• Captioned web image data
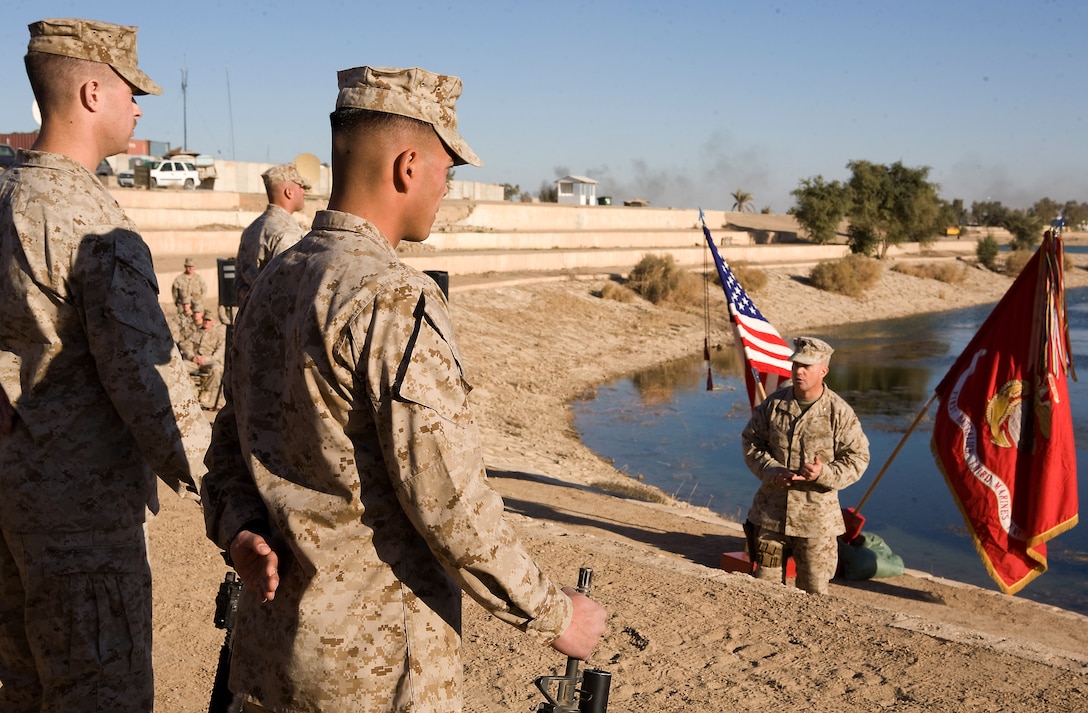 Lt. Col. Andrew Milburn, commanding officer, Task Force 1st Battalion, 3rd Marine Regiment, Regimental Combat Team 1, speaks to Marines during a memorial service for Lance Cpl. Thomas J. Reilly, Jr., Dec. 28. Reilly, a rifleman with C Company’s 2nd Platoon, from London, Ky., was killed in action during a patrol in Karmah, Iraq, Dec. 21.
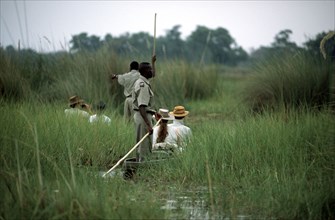 Tourists in Mekoros.Okavango Delta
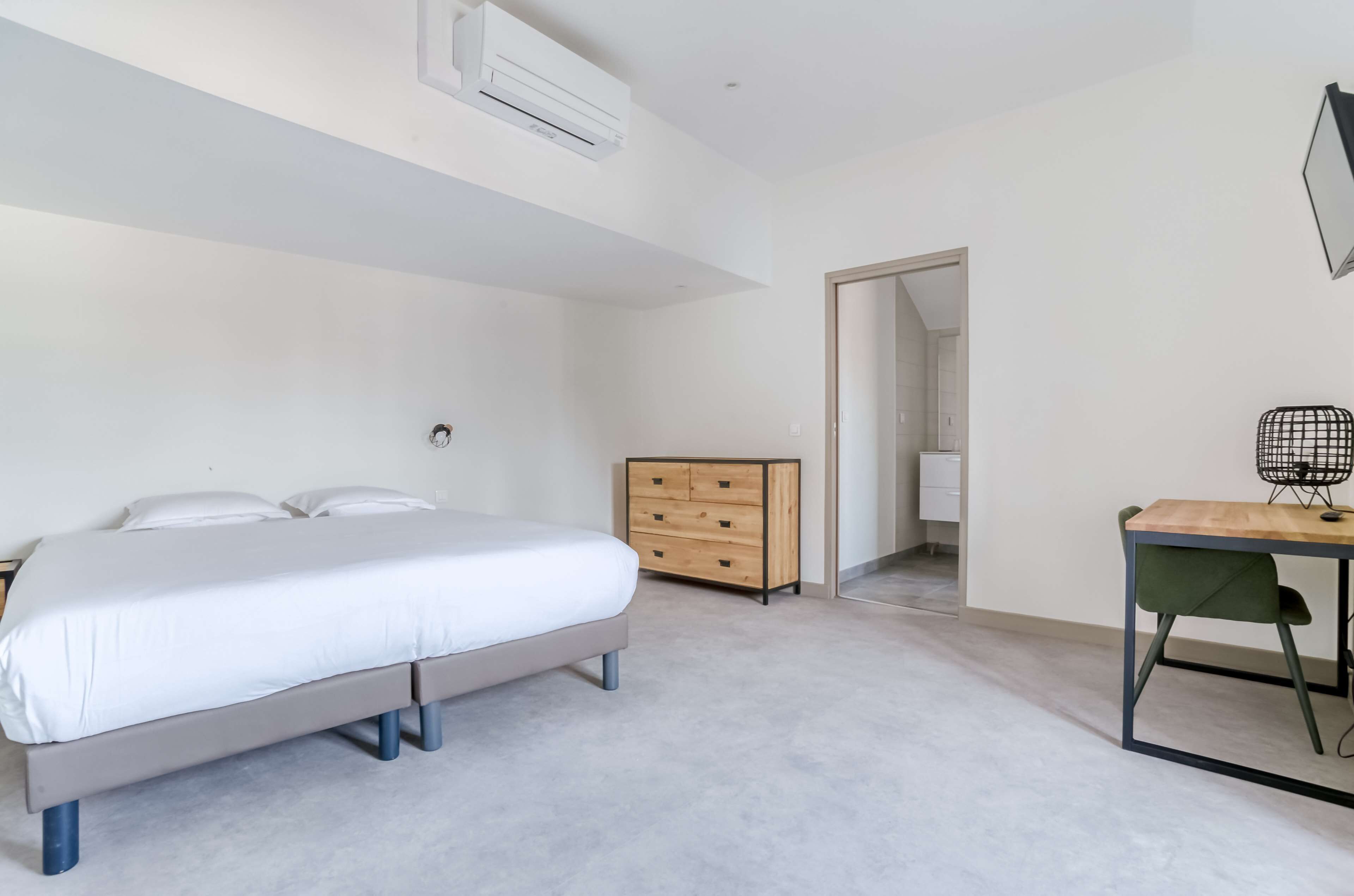 A bedroom with a bed, a wooden dresser, a desk with a chair, and an air conditioning unit.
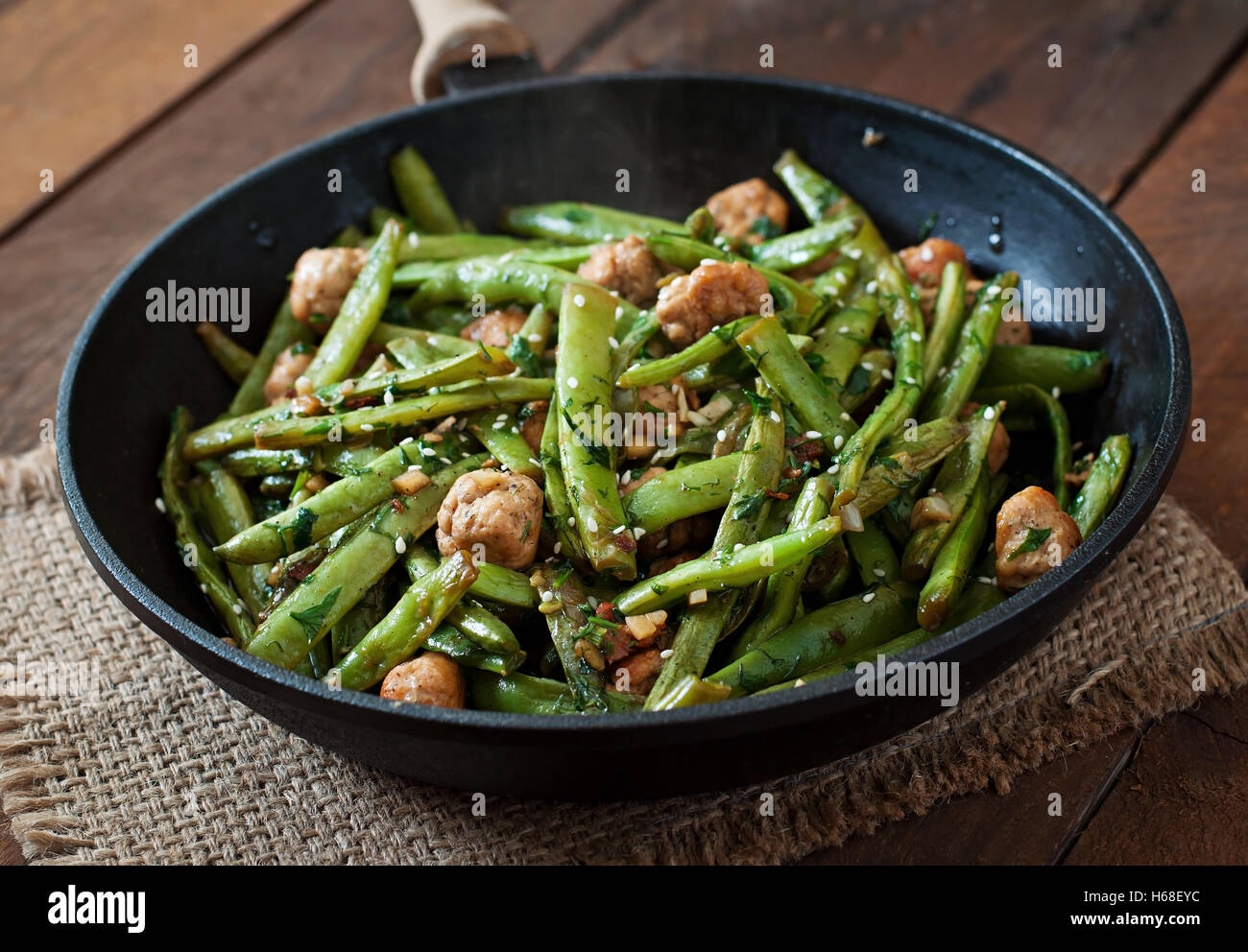 Green beans fried with chicken meatballs and garlic Asian style. Stock Photo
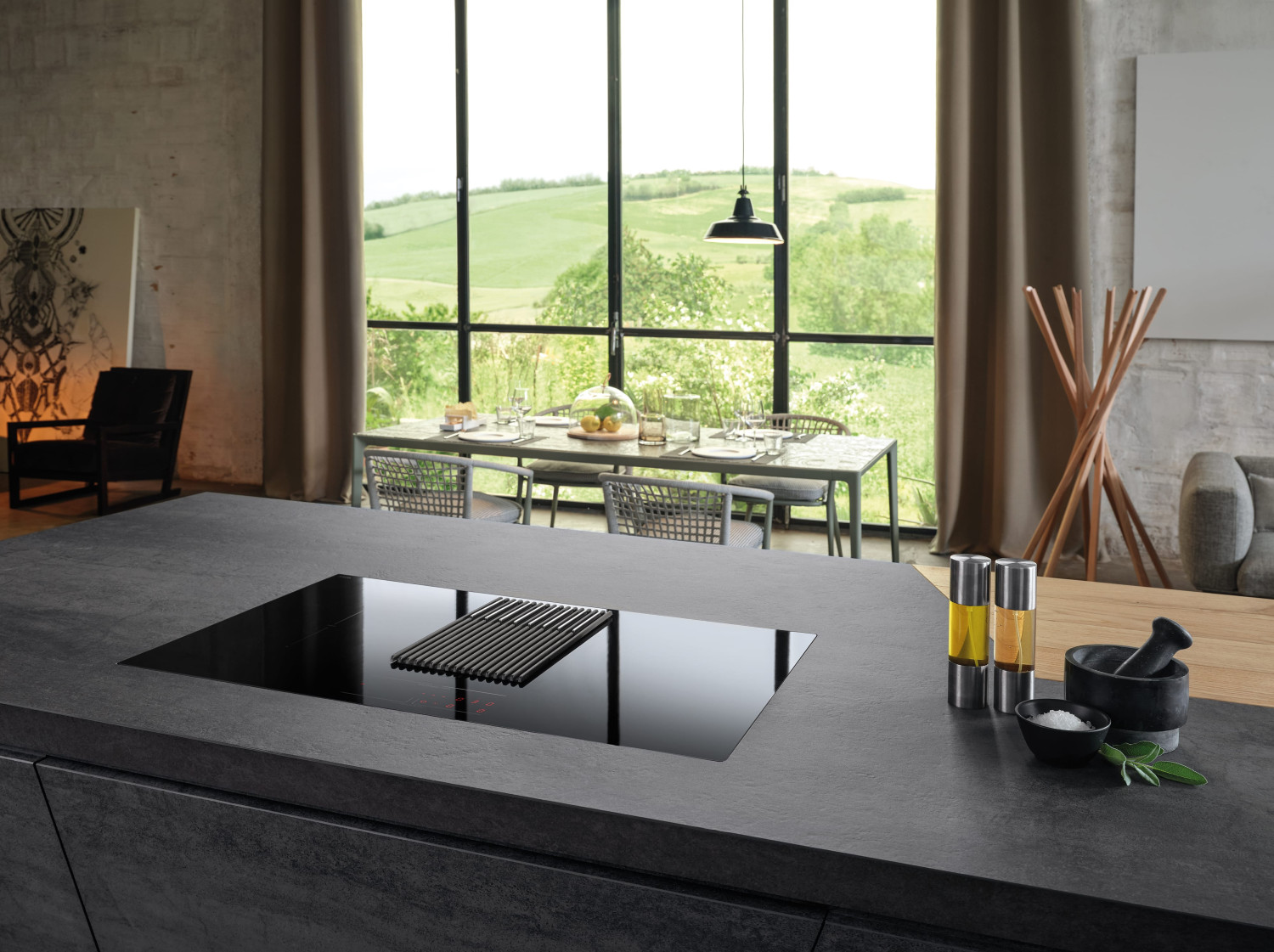 Cucina moderna con isola, zona pranzo e vista sul verde.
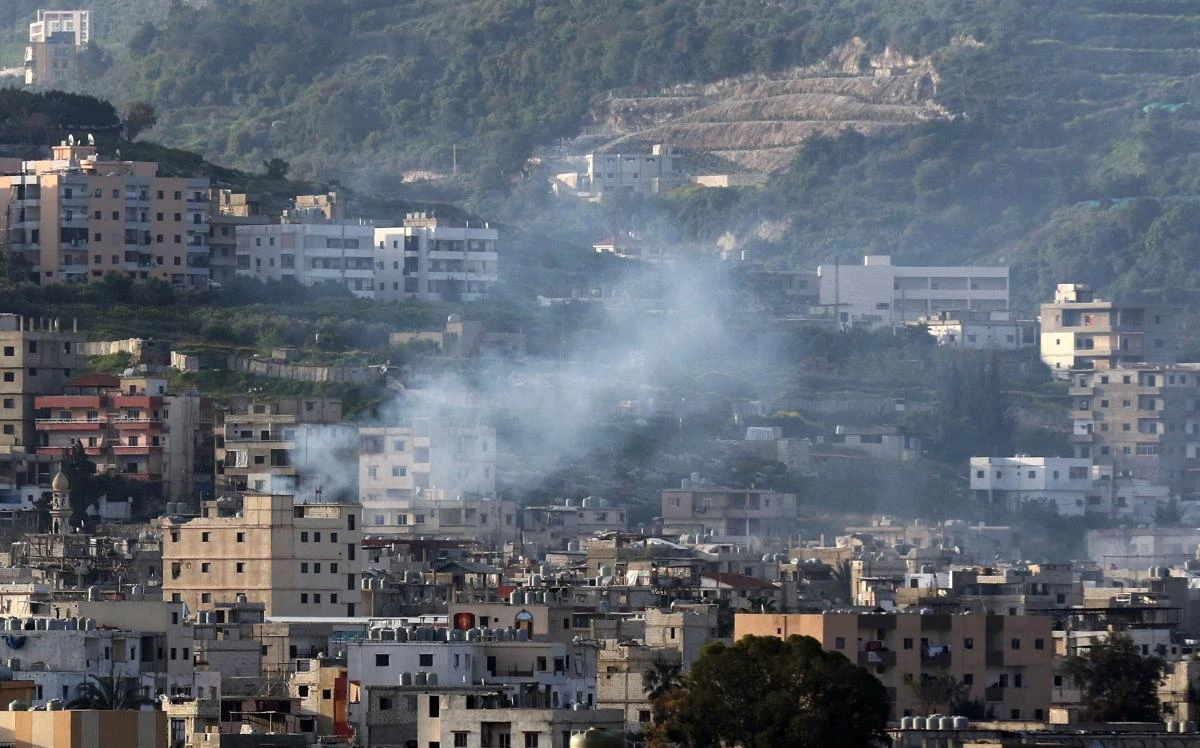 Smoke rises during clashes in Ain Al-Hilweh camp, Lebanon's largest Palestinian refugee camp, near the southern coastal city of Sidon. (AFP)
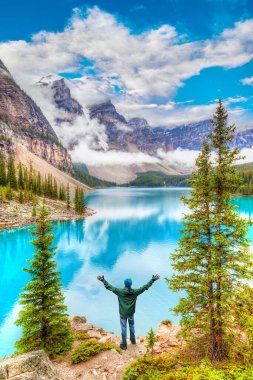 Moraine Gölü 'nde silahlı bir yürüyüşçü. Alçak bulutlar Banff Ulusal Parkı' nın Kanada Dağları 'ndaki Ten Peaks Vadisi' ne doğru inerken. Dikey yönelim.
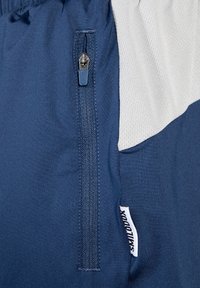 Pantalones cortos deportivos en color azul marino con un bolsillo con cremallera, panel texturizado transpirable en gris claro y una etiqueta de logo posicionada en el lateral.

• Work request
Would you please print the entries once more, word for word, minus the pictures?

• Exercise response
 Lt. Col. Andrew Milburn, commanding officer, Task Force 1st Battalion, 3rd Marine Regiment, Regimental Combat Team 1, speaks to Marines during a memorial service for Lance Cpl. Thomas J. Reilly, Jr., Dec. 28. Reilly, a rifleman with C Company’s 2nd Platoon, from London, Ky., was killed in action during a patrol in Karmah, Iraq, Dec. 21.
 Tourists in Mekoros.Okavango Delta
 A bedroom with a bed, a wooden dresser, a desk with a chair, and an air conditioning unit.
 Green beans fried with chicken meatballs and garlic Asian style. Stock Photo
 Cucina moderna con isola, zona pranzo e vista sul verde.
 Smoke rises during clashes in Ain Al-Hilweh camp, Lebanon's largest Palestinian refugee camp, near the southern coastal city of Sidon. (AFP)
 Moraine Gölü 'nde silahlı bir yürüyüşçü. Alçak bulutlar Banff Ulusal Parkı' nın Kanada Dağları 'ndaki Ten Peaks Vadisi' ne doğru inerken. Dikey yönelim.
 Pantalones cortos deportivos en color azul marino con un bolsillo con cremallera, panel texturizado transpirable en gris claro y una etiqueta de logo posicionada en el lateral.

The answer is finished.